- **EXERCISE BRIEF**: Below is a listing; restate from it, character for character, the lines beginning at the line holding "Hình ảnh Thuốc" and ending at the line holding "A seasonal-themed tag", both included.

*** Opening DATA SHOWN ***

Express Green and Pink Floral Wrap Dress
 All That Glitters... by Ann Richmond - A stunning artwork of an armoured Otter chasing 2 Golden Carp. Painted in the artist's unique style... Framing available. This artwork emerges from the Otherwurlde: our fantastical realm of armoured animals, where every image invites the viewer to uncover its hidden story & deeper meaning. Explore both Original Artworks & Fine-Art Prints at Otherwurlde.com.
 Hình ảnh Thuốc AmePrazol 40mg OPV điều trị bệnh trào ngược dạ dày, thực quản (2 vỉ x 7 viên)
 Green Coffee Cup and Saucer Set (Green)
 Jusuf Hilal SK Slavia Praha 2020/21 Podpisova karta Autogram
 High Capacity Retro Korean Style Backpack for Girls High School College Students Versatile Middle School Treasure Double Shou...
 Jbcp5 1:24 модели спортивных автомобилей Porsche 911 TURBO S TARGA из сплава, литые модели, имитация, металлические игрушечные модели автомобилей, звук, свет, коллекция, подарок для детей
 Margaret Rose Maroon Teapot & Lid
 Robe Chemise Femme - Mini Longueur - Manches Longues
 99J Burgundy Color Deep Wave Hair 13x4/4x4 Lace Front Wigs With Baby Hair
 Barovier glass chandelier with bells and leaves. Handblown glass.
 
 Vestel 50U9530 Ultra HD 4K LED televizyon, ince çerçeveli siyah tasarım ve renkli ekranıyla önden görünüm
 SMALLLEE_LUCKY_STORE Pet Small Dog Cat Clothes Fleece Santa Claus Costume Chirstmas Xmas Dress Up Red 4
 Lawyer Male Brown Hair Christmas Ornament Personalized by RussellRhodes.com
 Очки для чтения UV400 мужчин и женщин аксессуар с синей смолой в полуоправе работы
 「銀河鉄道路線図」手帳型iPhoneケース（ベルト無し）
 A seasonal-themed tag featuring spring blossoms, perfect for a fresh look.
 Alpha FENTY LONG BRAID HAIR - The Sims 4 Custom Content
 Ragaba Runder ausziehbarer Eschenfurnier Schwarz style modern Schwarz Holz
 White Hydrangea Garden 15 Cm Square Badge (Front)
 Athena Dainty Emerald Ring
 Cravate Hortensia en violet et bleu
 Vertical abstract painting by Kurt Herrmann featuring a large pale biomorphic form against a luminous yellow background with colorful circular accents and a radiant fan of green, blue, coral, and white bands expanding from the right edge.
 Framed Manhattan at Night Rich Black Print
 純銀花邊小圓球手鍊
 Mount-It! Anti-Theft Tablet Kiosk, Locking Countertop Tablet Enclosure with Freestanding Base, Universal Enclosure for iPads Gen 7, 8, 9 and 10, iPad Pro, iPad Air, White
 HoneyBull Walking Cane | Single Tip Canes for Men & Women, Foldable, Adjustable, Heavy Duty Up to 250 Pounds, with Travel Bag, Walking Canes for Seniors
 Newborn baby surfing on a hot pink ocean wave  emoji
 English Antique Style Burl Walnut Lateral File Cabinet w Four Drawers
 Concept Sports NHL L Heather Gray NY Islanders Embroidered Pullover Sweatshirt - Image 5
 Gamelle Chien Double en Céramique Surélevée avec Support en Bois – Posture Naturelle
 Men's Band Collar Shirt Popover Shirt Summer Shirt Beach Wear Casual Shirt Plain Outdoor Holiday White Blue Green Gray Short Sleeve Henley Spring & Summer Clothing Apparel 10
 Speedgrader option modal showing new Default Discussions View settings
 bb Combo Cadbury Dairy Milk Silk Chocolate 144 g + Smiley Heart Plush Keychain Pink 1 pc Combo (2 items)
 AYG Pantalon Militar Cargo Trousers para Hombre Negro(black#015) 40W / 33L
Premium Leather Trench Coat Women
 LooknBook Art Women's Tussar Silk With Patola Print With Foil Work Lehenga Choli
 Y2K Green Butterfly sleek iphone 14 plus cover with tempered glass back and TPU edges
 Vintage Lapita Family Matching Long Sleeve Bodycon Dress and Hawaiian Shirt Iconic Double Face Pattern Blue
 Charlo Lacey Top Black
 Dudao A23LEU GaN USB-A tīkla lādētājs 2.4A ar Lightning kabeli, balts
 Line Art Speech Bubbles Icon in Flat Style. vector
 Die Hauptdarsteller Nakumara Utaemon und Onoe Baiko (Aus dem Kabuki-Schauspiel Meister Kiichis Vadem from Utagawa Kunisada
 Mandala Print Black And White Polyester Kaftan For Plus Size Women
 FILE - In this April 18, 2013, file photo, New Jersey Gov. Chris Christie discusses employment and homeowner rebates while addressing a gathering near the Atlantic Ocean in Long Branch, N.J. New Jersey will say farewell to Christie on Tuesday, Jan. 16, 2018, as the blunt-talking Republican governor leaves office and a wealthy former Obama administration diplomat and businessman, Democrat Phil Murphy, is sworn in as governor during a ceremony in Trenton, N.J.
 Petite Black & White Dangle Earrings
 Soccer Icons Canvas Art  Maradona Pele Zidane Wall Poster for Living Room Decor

*** Closing DATA SHOWN ***

- **ANSWER BELOW**:
 Hình ảnh Thuốc AmePrazol 40mg OPV điều trị bệnh trào ngược dạ dày, thực quản (2 vỉ x 7 viên)
 Green Coffee Cup and Saucer Set (Green)
 Jusuf Hilal SK Slavia Praha 2020/21 Podpisova karta Autogram
 High Capacity Retro Korean Style Backpack for Girls High School College Students Versatile Middle School Treasure Double Shou...
 Jbcp5 1:24 модели спортивных автомобилей Porsche 911 TURBO S TARGA из сплава, литые модели, имитация, металлические игрушечные модели автомобилей, звук, свет, коллекция, подарок для детей
 Margaret Rose Maroon Teapot & Lid
 Robe Chemise Femme - Mini Longueur - Manches Longues
 99J Burgundy Color Deep Wave Hair 13x4/4x4 Lace Front Wigs With Baby Hair
 Barovier glass chandelier with bells and leaves. Handblown glass.
 
 Vestel 50U9530 Ultra HD 4K LED televizyon, ince çerçeveli siyah tasarım ve renkli ekranıyla önden görünüm
 SMALLLEE_LUCKY_STORE Pet Small Dog Cat Clothes Fleece Santa Claus Costume Chirstmas Xmas Dress Up Red 4
 Lawyer Male Brown Hair Christmas Ornament Personalized by RussellRhodes.com
 Очки для чтения UV400 мужчин и женщин аксессуар с синей смолой в полуоправе работы
 「銀河鉄道路線図」手帳型iPhoneケース（ベルト無し）
 A seasonal-themed tag featuring spring blossoms, perfect for a fresh look.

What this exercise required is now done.